Charles M. Russell (1864–1926)
Roping a Wolf, 1901
Transparent and opaque watercolor over graphite underdrawing on paper
Amon Carter Museum, Fort Worth, Texas
1961.198
The northern cattle ranges threatened the habitats of many indigenous animals. The antelope herds were greatly reduced, and the buffalo were all but exterminated. Predators such as the coyote, mountain lion, grizzly bear, and wolf were hunted mercilessly to reduce their numbers. Wolves were considered a major threat to stockmen, and cowboys were ordered to kill them whenever possible.

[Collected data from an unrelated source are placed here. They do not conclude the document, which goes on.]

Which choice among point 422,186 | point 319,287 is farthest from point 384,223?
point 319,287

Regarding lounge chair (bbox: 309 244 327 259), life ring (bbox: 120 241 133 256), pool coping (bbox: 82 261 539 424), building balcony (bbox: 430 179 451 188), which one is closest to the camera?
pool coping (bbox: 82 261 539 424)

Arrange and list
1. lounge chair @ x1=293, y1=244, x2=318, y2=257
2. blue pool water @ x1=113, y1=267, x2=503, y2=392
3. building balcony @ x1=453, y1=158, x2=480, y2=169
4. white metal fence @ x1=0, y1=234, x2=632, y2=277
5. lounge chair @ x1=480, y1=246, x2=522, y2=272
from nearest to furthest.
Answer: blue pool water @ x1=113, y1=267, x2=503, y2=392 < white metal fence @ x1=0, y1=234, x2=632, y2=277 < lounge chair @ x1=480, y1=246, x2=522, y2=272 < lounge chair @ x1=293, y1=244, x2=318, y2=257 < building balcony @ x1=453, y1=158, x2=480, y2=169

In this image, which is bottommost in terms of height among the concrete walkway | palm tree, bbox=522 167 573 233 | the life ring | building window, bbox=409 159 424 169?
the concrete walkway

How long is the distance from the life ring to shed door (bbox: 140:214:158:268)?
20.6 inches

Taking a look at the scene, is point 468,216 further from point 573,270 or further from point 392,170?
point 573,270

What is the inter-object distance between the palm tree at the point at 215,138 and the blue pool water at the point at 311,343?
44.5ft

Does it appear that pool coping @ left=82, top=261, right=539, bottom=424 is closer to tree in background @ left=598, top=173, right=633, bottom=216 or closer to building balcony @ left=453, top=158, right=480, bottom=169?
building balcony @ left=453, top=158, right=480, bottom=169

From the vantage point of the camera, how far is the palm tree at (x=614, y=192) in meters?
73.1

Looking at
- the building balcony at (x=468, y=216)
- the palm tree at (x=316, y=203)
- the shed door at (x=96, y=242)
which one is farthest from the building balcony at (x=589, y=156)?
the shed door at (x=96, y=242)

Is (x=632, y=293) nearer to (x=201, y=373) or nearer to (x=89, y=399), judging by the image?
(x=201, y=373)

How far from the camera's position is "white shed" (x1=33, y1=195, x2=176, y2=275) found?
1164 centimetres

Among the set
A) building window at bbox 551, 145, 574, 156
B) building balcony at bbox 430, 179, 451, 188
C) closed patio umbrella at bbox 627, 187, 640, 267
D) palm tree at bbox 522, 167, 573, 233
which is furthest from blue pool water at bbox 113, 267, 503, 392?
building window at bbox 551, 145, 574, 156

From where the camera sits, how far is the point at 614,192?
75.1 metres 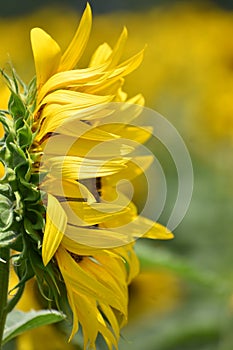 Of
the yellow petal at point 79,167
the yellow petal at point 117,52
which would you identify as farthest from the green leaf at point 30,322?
the yellow petal at point 117,52

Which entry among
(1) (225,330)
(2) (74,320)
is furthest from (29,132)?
(1) (225,330)

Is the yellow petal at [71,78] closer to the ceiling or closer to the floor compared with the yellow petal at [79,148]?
closer to the ceiling

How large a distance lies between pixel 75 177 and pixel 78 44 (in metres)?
0.15

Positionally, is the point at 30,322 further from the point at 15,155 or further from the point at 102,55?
the point at 102,55

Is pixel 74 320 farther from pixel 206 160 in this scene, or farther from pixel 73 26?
pixel 73 26

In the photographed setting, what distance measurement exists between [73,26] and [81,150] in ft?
7.34

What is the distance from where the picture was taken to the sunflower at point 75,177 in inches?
37.6

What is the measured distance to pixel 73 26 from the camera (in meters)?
3.17

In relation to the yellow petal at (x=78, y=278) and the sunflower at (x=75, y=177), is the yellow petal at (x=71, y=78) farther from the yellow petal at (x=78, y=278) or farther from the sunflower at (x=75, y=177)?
the yellow petal at (x=78, y=278)

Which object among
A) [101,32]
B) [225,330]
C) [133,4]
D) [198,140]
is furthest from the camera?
[133,4]

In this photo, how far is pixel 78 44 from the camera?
1004 mm

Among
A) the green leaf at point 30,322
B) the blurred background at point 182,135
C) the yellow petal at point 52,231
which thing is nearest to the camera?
the yellow petal at point 52,231

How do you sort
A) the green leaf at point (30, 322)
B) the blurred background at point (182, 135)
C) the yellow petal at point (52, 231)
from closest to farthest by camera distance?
the yellow petal at point (52, 231)
the green leaf at point (30, 322)
the blurred background at point (182, 135)

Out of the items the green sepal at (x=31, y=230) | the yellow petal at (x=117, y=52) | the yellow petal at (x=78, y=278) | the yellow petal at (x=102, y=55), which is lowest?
the yellow petal at (x=78, y=278) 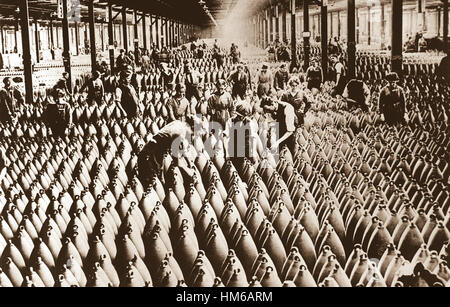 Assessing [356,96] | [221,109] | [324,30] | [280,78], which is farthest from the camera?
[324,30]

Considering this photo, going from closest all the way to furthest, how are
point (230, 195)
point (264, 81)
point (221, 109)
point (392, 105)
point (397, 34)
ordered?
point (230, 195) → point (392, 105) → point (221, 109) → point (397, 34) → point (264, 81)

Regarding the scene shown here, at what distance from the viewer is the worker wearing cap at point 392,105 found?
7641mm

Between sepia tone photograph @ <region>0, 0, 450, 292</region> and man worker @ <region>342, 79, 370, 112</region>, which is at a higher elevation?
man worker @ <region>342, 79, 370, 112</region>

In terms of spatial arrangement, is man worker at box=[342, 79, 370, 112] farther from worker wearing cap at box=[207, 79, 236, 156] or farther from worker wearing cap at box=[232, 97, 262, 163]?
worker wearing cap at box=[232, 97, 262, 163]

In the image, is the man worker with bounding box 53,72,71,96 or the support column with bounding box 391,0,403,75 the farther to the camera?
the man worker with bounding box 53,72,71,96

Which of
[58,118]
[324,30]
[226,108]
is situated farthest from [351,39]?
[58,118]

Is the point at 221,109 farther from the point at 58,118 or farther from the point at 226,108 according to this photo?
the point at 58,118

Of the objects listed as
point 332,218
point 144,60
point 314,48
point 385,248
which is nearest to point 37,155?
point 332,218

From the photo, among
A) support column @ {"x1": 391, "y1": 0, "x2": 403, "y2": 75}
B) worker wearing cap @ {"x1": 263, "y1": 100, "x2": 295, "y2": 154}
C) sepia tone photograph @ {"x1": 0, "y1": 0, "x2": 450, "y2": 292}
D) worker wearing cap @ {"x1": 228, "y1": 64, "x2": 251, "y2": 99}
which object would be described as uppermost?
support column @ {"x1": 391, "y1": 0, "x2": 403, "y2": 75}

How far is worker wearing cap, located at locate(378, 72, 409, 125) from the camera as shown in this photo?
7.64 meters

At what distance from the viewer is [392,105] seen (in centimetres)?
776

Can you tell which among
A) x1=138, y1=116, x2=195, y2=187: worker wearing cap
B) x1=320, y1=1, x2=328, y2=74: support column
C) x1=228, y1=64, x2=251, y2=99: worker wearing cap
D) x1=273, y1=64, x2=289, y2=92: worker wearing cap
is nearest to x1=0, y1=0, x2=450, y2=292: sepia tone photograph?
x1=138, y1=116, x2=195, y2=187: worker wearing cap

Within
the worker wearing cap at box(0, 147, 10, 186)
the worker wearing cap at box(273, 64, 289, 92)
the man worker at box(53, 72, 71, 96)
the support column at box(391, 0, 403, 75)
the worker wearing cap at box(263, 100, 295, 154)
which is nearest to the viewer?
the worker wearing cap at box(0, 147, 10, 186) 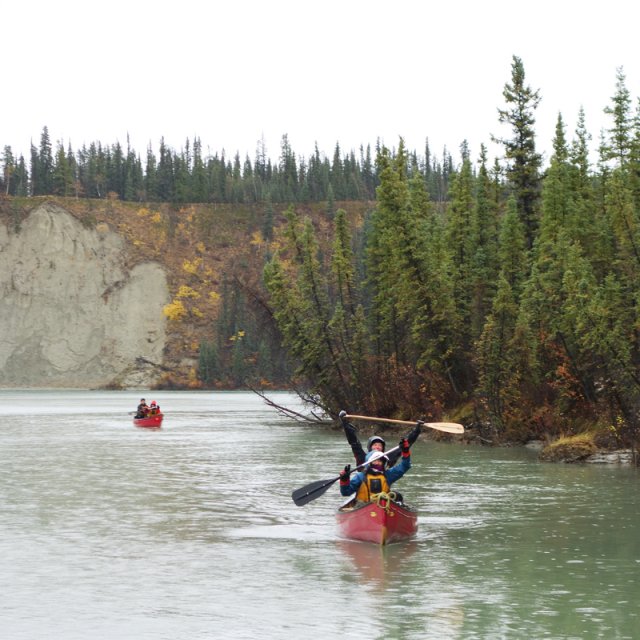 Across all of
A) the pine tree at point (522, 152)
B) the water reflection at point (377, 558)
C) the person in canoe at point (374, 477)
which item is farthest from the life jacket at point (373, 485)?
the pine tree at point (522, 152)

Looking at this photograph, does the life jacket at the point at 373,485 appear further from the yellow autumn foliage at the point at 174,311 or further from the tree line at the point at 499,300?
the yellow autumn foliage at the point at 174,311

This sometimes involved chasing the animals down until they were exhausted, a practice that in Russell’s day was considered good sport. This watercolor shows a cowboy about to loop a hapless wolf caught out in the open. The animals were usually dispatched with a bullet, since the pelt was worth money. Even so, this practice was not as destructive to the animals as the use of poison, which became so widely indiscriminate that livestock and even humans—sometimes children—became innocent victims. As his career advanced, Russell became a strong advocate for the preservation of wildlife, and the endangered wolf was one of his interests. Ernest Thompson Seton, a nature writer whom Russell eventually met in 1904, wrote highly popular stories on lone wolves who had been forced to become outlaws. During the period Russell executed this watercolor, several renegade wolves in Montana had eluded hunters long enough to acquire names and have stories told about them. But in the end, all of them were hunted down and killed by the end of the 1890s, for the bounties on their skins were very high. By 1900 a naturalist for the Smithsonian Institution reported that, in the course of an extensive field trip to observe the wolf in the Montana wilds, no wolves were encountered.